Town council completes five years of work on Vine Pavilion in Sevenoaks to help preserve the historic and iconic building
THE Vine Pavilion has become one of Sevenoaks’ iconic landmarks. It was built in 1850 for Mary Sackville, who was the daughter of the 3rd Duke of Dorset John Frederick Sackville who lived at Knole. The Duke had previously given the Vine to the town for cricket in 1773.
In those early days the players changed in a ‘cricketing house’ situated in an area roughly where the bandstand is today.
But not long after the pavilion was built for Mary – who was married to William Pitt Amherst, the 1st Earl Amherst from 1839 until he died in 1857 leaving her a widow – she let it to the town cricket club, and they have been there ever since.
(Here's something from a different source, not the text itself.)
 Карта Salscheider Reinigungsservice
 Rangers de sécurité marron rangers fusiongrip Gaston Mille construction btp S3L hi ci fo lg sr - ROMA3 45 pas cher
No doubt these figures from Sevenoaks’ history would appreciate the efforts Sevenoaks Town Council has been making to restore and preserve the Vine Pavilion during the past five years.
The work has included new roofs, repairs to wooden cladding, and upgrading the exterior toilets which are accessible for all. This restoration was completed recently with the installation of a new access ramp and refurbished sash windows.
The access ramp was made possible thanks to a £25,000 grant from the Tarmac’s Landfill Communities Fund. It was designed by local architect Glenn Ball to meet all conservation requirements. The design has the bonus of providing a handy balustrade which can double up as a viewing area for spectators to enjoy their drinks from the bar while watching the cricket.
The Vine Pavilion was extended in 1975 and has, for a number of years, also been home to Sevenoaks Hockey Club as well the Sevenoaks Vine Cricket Club. Both now have plans now to refurbish the interior.